There are so many and important expressions in this country and its towns, that we will need a lot of time to describe it; by the moment we will let you know the most relevant of each time
To start a little bit of history. Peruvian art has its origin the Andean civilization where the societies od many cultures and people mainly developed in the river valleys of the coastal deserts; from Ecuador to Chile and Argentina. Some people think that first developed on the narrow coastal.
Despite severe environmental challenges, the Andean civilizations domesticated a wide variety of crops, some of which became of worldwide importance. The Andean civilizations were also noteworthy for monumental architecture, textile weaving, and many unique characteristics of the societies they created. Spanish rule ended or transformed many elements of the Andean civilizations, notably influencing religion and architecture.
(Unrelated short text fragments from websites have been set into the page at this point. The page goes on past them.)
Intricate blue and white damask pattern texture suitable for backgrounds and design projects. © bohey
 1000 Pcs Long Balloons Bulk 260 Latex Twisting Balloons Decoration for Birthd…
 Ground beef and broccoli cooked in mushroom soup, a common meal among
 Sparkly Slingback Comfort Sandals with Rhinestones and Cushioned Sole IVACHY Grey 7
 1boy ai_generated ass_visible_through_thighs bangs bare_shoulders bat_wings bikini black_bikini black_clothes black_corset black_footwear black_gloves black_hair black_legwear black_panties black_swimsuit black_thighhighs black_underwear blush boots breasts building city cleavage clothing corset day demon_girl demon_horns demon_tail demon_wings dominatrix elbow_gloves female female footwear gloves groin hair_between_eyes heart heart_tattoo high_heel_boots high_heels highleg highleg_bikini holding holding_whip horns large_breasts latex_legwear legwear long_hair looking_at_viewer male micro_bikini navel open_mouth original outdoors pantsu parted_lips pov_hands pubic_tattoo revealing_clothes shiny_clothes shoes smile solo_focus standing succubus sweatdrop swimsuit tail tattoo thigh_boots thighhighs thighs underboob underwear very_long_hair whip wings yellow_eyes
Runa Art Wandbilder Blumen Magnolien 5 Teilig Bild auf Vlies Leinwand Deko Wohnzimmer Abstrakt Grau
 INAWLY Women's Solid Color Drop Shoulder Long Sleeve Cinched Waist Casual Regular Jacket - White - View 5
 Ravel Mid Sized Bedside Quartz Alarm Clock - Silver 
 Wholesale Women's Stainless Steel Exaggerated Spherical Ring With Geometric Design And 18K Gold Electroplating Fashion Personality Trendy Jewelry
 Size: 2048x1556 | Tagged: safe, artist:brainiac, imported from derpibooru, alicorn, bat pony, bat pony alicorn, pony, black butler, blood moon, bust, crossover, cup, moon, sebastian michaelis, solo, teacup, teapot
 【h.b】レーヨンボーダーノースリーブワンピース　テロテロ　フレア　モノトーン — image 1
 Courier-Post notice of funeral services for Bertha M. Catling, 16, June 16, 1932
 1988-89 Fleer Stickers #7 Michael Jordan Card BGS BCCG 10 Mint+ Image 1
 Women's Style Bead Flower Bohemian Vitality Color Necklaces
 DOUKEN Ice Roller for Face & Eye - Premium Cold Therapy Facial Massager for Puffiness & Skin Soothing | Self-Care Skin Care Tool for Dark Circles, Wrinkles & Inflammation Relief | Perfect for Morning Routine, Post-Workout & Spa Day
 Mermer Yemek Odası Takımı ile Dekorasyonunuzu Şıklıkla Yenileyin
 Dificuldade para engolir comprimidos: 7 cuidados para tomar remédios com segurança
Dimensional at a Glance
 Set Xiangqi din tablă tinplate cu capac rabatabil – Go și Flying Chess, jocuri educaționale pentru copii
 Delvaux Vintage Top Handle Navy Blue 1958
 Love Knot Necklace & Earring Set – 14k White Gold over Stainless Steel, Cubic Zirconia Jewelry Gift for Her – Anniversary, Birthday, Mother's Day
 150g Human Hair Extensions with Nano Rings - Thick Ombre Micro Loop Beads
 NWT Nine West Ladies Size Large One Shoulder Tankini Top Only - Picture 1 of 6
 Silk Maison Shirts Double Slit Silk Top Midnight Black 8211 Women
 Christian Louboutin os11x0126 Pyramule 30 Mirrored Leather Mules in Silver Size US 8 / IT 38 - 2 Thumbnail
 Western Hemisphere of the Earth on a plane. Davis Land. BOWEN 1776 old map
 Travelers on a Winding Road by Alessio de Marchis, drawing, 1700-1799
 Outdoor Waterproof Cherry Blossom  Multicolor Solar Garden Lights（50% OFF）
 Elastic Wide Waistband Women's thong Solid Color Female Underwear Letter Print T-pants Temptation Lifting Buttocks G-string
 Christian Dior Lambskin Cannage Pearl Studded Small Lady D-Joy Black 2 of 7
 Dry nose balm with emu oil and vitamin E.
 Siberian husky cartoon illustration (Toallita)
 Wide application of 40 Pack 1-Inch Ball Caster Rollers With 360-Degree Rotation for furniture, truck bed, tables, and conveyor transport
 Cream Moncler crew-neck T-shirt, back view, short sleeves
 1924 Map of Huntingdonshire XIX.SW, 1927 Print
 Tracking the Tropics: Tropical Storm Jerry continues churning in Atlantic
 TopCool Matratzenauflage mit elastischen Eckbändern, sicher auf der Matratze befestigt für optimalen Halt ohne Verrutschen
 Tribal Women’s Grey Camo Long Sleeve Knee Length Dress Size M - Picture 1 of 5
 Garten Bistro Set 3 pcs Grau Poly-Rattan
The Escuela Cusqueña, Cusco School was a Roman-Catholic artist tradition based in Cusco during the colonial period from the 16th to 18th centuries. Many colonial Cusco School paintings are preserved, most of them currently at Cusco, but also in other areas of Peru as well as other countries. Peruvian art is often viewed through the lens of Spain’s influence, in two stages. First, the native handicrafts–woven, intricate designs, and elaborately sculpted ceramics–the true art forms of the Andes. Then the second phase,
the neo-baroque and Gothic influence of Spain, and Catholic religious art, an integral part of the colonization that began in the early 16th century. In the resulting mix, European styles and art forms permeated with the artistic sensibilities of the locals.
During this centuries, artists came to Peru seeking commissions; as a sample, we have Bernardo Bitti that set up a workshop to train native people to paint in the baroque style which most famously was The Last Supper made by Marcos Zapata; the painting that is still hanging in the Cathedral of Cusco.
We can not forget the famous Martin Champi who was a photographer, originally from southern Peru and has become the only major indigenous Latin American photographer of his time. Recognized for the profound historic and ethnic documentary value of his photographs, he was a prolific portrait photographer in the towns and countryside of the Peruvian Andes. As well as being the leading portrait photographer in Cuzco, Chambi made many landscape photographs, which he sold mainly in the form of postcards, a
format he was a pioneer of in Peru. In 1979, New York’s Museum of Modern Art held a Chambi retrospective, which later traveled to various locations and inspired other international expositions of his work.
In Music; Peruvian music is an amalgamation of sounds and styles drawing on Peru’s Andean musical roots and Spanish musical influences. Native Peruvian music is dominated by the national instrument, the charango. The zampoña is a traditional Andean panpipe. It accompanies the folk music of the high Andes, where it is widely used. It is one of the main instruments in Andean Huayno. The harps are derived from the Baroque harps that were brought from Spain during the colonial period. Few Peruvian artists have encountered international fame. One female singer has become very successful from the ’50s and is now a live legend. Yma Sumac is a noted soprano of Peruvian origin. During the 1950s.
In theatre; Peruvian theatre has been successful thanks to authors such as Felipe Pardo, Manuel Ascencio Segura during the 19th century, and more recently Percy Gibson Parra or Juan Rios. Theatrical activity is booming thanks to university theatres and is increasing its audience thanks to new kinds of performances, such as the rural theatre. This art as developing all this year.
The textile art has had a great development in all stages. In recent years, alpaca has been used and continues to be used as a star product as well as vicuña for a high purchasing power.
Now, in this era, le museums and artists especially in Lima have had incredible development. We have world-famous photographers such as Mario Testino, known all around the world and preferred for the nobles and artists As you can see, in Peru in Peru you can never finish talking about art and culture.